Photo-realistic scene reconstruction under novel viewing and illumination conditions is a challenging long-standing problem in computer graphics. Recent studies in this field have shown the applicability of deep neural networks to learn an implicit neural representation of the scene containing both geometric and appearance information about the scene.

Most works focus on extracting radiance fields under the static illumination of the scene. [Mildenhall et al. 2020] presented the state-of-the-art approach NeRF, which learns continuous volumetric scene representation from the set of known 2D views. This allows to reconstruct the learned scene from the novel viewpoints, however, the proposed approach suffers from inefficiency. To improve NeRF's performance [Liu et al. 2020] show the application of octrees to learn Neural Sparse Voxel Fields (NSVF) that achieve up to 10 times better performance.

However, learned with NSVF radiance fields are still not implying any light interaction that allows to model light-dependent effects and reconstruct the scene under novel llumination conditions. [Bi et al. 2020] propose Neural Reflectance Fields (NRF) that considers a single non-static point light illumination on the scene and implies additional light rays sampling, which drastically increases method complexity.

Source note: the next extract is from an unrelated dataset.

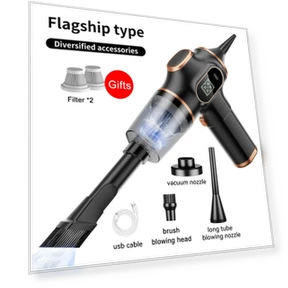 Беспроводной автомобильный пылесос 5 в 1 портативный — Пылесосы, PRISMA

In this work, the performance limitation is addressed and several methods that allow increasing NRF's efficiency are offered. Explicit schemes ExCol and ExBF are meant to accelerate NRF approach using voxel octree structure, similarly to NSVF approach. Explicit scheme ExVA offers the in-voxel approximation, which makes the ExBF method more practical. Another ImNRF method is based on the original NSVF approach and implies learning an implicit neural reflectance representation of the scene.

Table of contents



Requirements and Installation

This code is implemented in PyTorch using fairseq framework.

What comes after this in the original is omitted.